Ein städtisches Museum in der Stadt Eibenstock gab es aufgrund verschiedener Initiativen geschichtsinteressierter Bürger seit den 70er-Jahren in Form einer städtischen Heimatschau im Gebäude der ehemaligen Commerzbank am Platz des Friedens. Im Erdgeschoss waren damals all jene Dinge untergebracht, die von Unternehmen sowie aus der Bürgerschaft der Stadt heraus gesammelt und aufbereitet worden sind. Eine einzige Person war damals zuständig, um Geschichtliches zu sammeln, die Ausstellungen aufzubereiten und auch den gesamten Besucherverkehr abzuwickeln. 

Dies änderte sich zunächst auch nicht, als dann 1990 die kommunale Selbstverwaltung auf dem Gebiet der damaligen DDR wieder hergestellt worden ist. Ich habe diesen Prozess von Anfang an mit begleiten dürfen und wir als Stadt hatten uns entschieden, die städtische Heimatschau zunächst auch weiter zu betreiben. Dies war damals insofern kompliziert, da wir ja auch den Lohn des Museumsmitarbeiters mit den anfangs sehr geringen Einnahmen unserer Stadt mit erwirtschaften mussten. Für freiwillige Aufgaben war damals ja eigentlich wirklich kein Geld da.
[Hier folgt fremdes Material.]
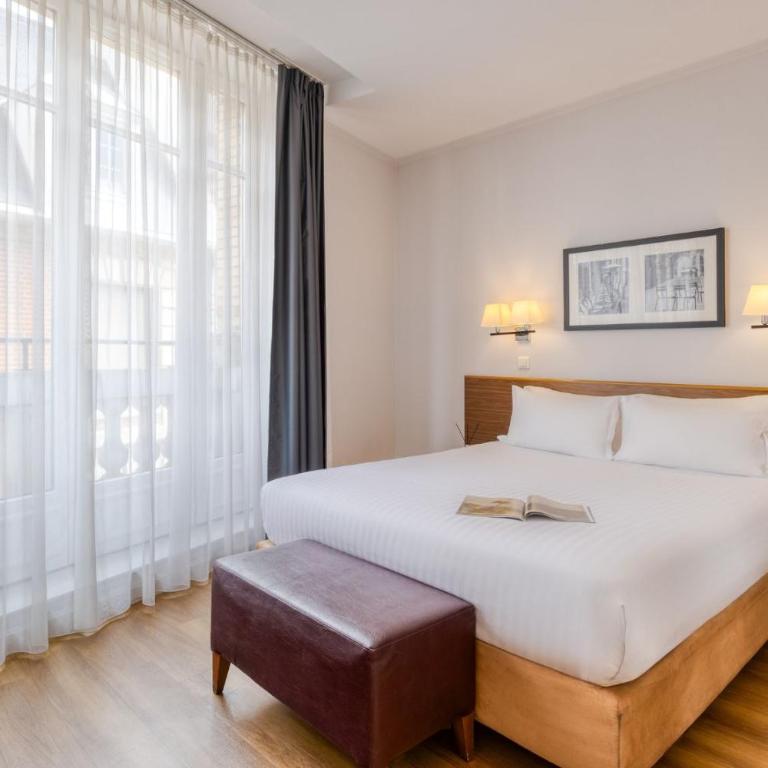Citadines Saint-Germain-des-Prés Paris - Appartement (4 Adultes) - 6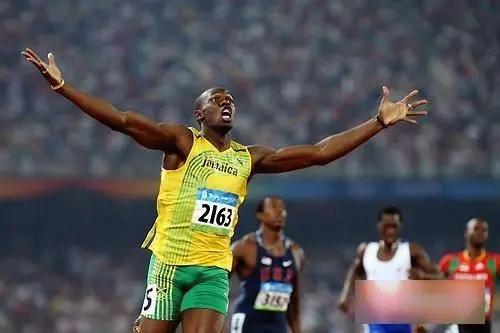 世界飞人博尔特最新版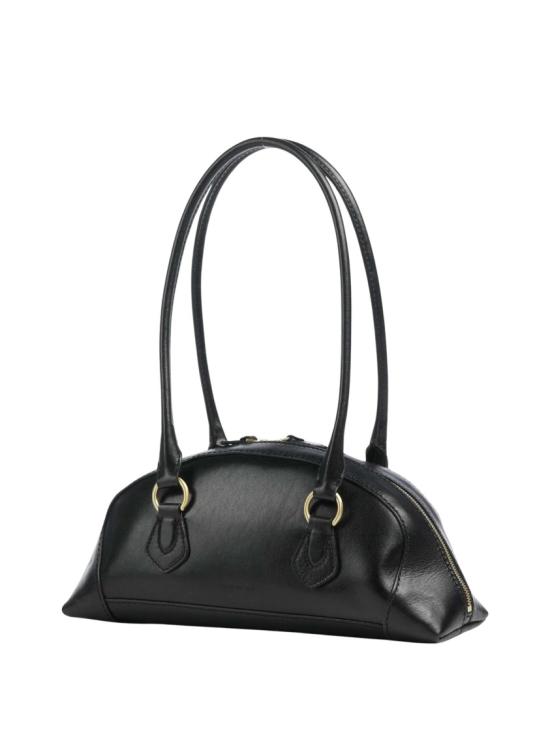 26FW 더브릿지 숄더백 04332601 Black - THE BRIDGE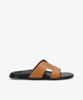 PH-RAE SANDAL COGNAC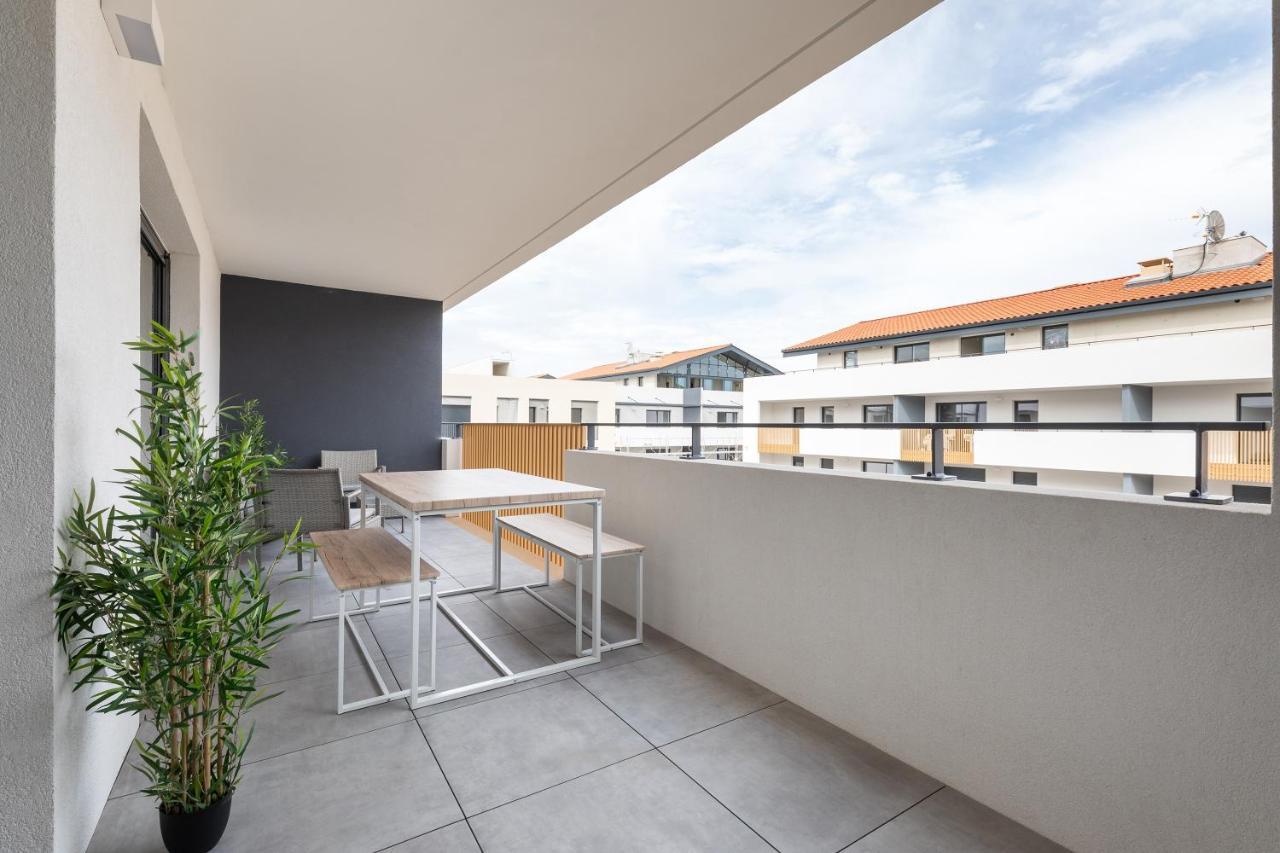 Le Corinthe - Appt Classe 3 Etoiles Et Climatise Marseillan  Bagian luar foto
Aber es gelang uns, das Museum nach und nach ein wenig weiterzuentwickeln. Als Matthias Schürer am 1. September 1991 die Leitung des Museums übernahm, wurde gezielt auch an der Weiterentwicklung der Sammlungen und der Aufbereitung der Museumsgegenstände gearbeitet. 
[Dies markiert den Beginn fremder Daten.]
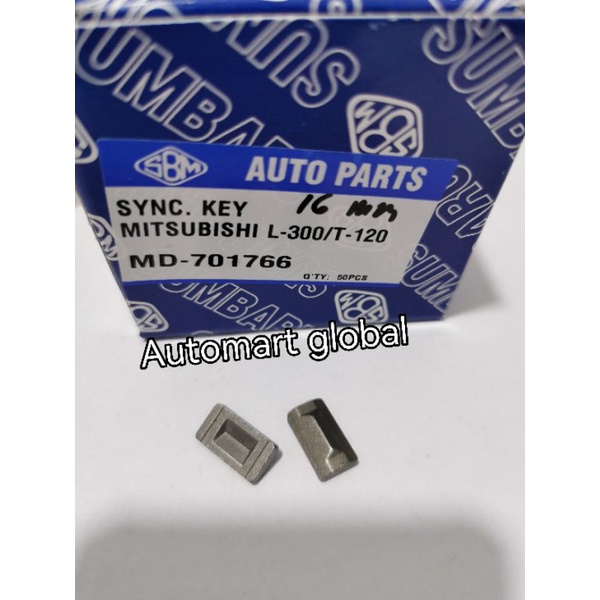 key kuku syncronis L300 t120 md-701766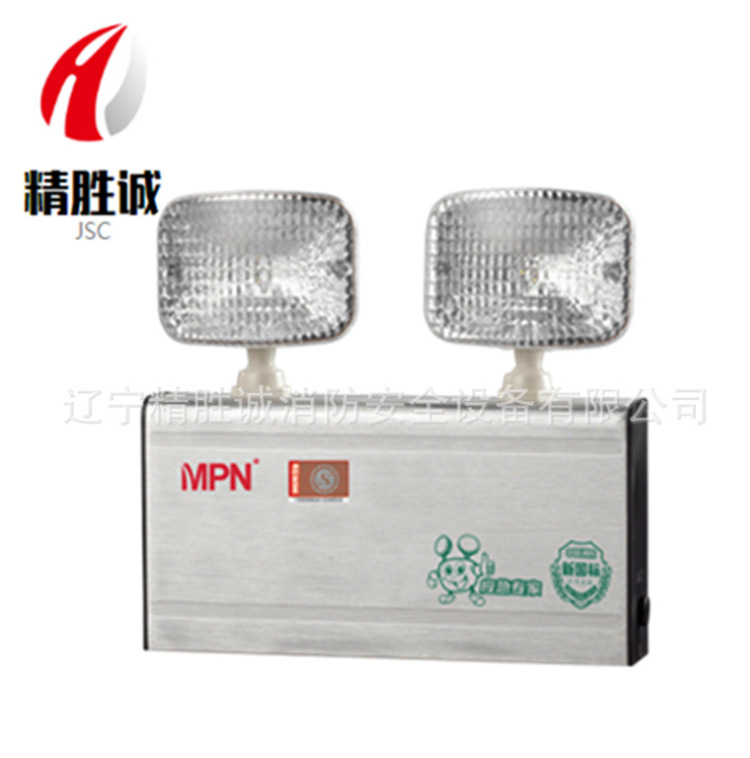 敏华新国标消防应急照明灯疏散指示出口标志灯防爆应急灯LED详情38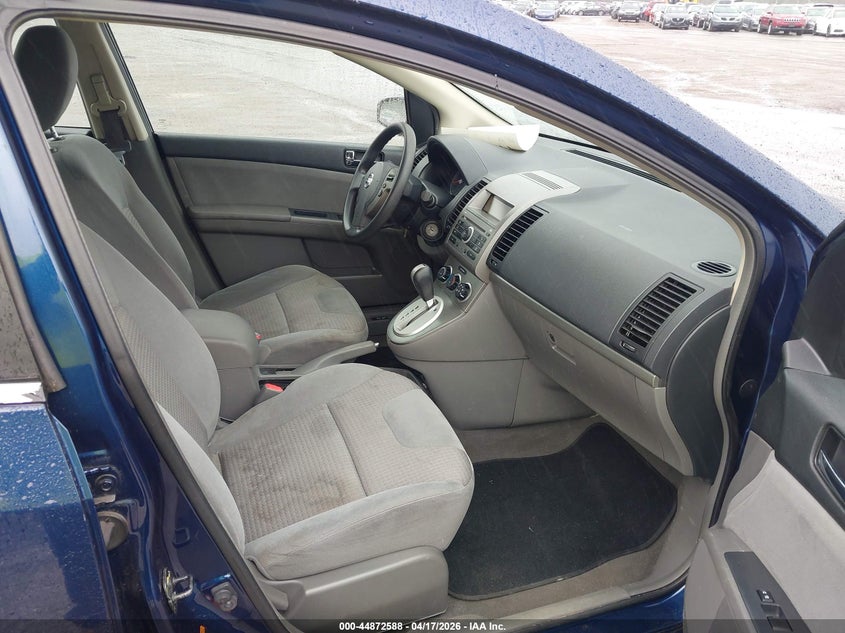 2008 Nissan Sentra 2.0S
Parallel dazu bemerkten wir, wie nach und nach aus den städtischen Stickereibetrieben die alten Maschinen abgebaut, vernichtet oder ins Ausland verkauft worden sind. So entstand die Idee, jeweils einen Vertreter der Maschinengenerationen abzubauen und für die Stadt als Museumsgegenstand zu sichern. Dies gelang dank der großzügigen Arbeitsbeschaffungsmaßnahmen Anfang der 90er-Jahre sehr gut. Maschinenteile, Musterbücher und natürlich auch Stickereiobjekte wurden gesammelt, geordnet und eingelagert. Erst Jahre später entstand die Idee, ein neues Museum zu errichten, in dem neben Stadtgeschichte auch die Stickereiindustrieentwicklung in der Stadt gezeigt wird.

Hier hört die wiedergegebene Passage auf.